Developing dyslexic students' reading skills
Unit nine, Teaching Reading. Teaching reading in classes which include learners with specific learning differences should follow the procedure we’re familiar with from ELT methodology. However, we have to bear in mind the specific issues that dyslexic learners have. The intervention in lower order decoding processes should precede the work on the higher order decoding processes.
In practise this means that a teacher should provide scaffolding at a word level before the students begin to read texts. The teacher should introduce the words that might be problematic for the learners, practise the pronunciation, draw the student’s attention to the letter sound correspondence, and explain the meanings of the words clearly. Where we ask learners without SPLDs to predict some of the words from the context we could perhaps provide glossaries for dyslexic learners.
Having done the work on the lower level processes the students can proceed to the high order processing.
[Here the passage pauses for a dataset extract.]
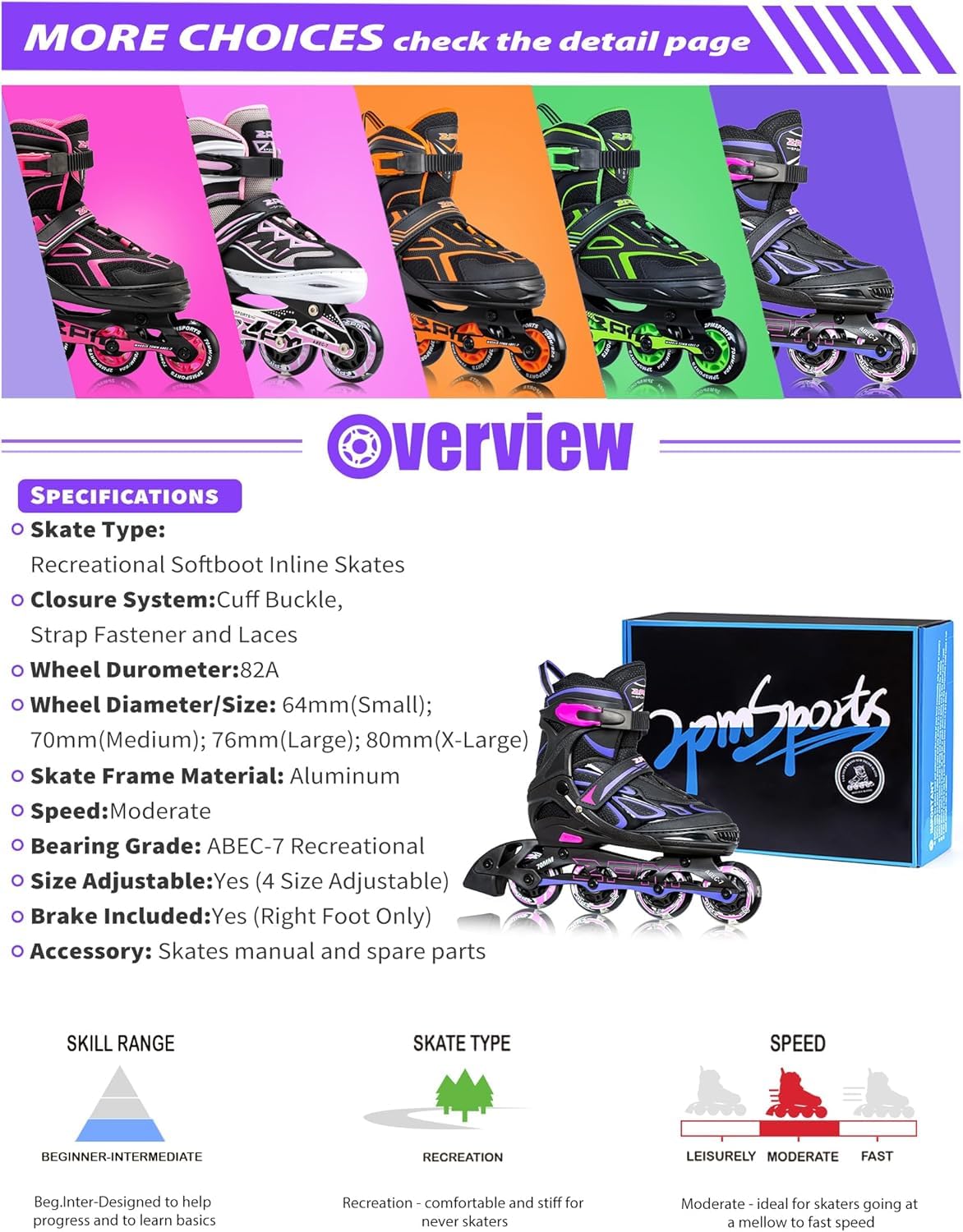2PM SPORTS Adjustable Inline Skates for Kids Girls Boys, Inline Skates Rollerblades for Women Men Size 30-33 34-37 38-41 42-44 (Purple XL)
Hear the students with SPLDs should focus on developing reading strategies that are not predominantly based on their linguistic awareness such as reading selectively, reading carefully in key places, monitoring comprehension, and using their background knowledge.
The pre-reading stage is very important for all the students because it should motivate them to read a text. For students with SPLDs this is the stage in which they should get the support. The teacher can introduce a few key words from the text and ask the learners to predict what text might be about. In this way the learners get involved. And they are motivated to find out whether their predictions were right or wrong. Similarly, the teacher can use sentences from the text or ask questions which the students can try to answer. In both examples the learners become familiar with the language before they read and they raise their expectations about the text.
It’s good practise for teachers to grade reading tasks. The first task should focus on global understanding. And the learners should use different contextual clues to do it, for example their background knowledge, knowledge about the layout of the text illustrations, and so on. The following tasks should gradually lead to more detailed understanding. It’s recommended to use multi-sensory tasks to check learners comprehension, eg students can draw an illustration to show that they’ve understood a story. Or they can act a part of a text. For younger learners using a shared reading approach can be beneficial as it demonstrates how an experienced reader reads. With older learners the learners should reflect on the reading strategies they use.
Learners with SPLDs should not be asked to read out loud. Teachers should do their best to promote the love of reading in different ways, for example by sharing their reading experience.
And texts can be used in a variety of ways for further language practise. Learners can retell stories based on pictures. They can use a short extract, perhaps dialogue, from the text and act it out. That can discuss the text. They can transform the text into a film. Very often the reading text serves as a model for writing or initiates writing. Students can even progress to self-publishing, that is typing their pieces of writing and making books using different computer applications.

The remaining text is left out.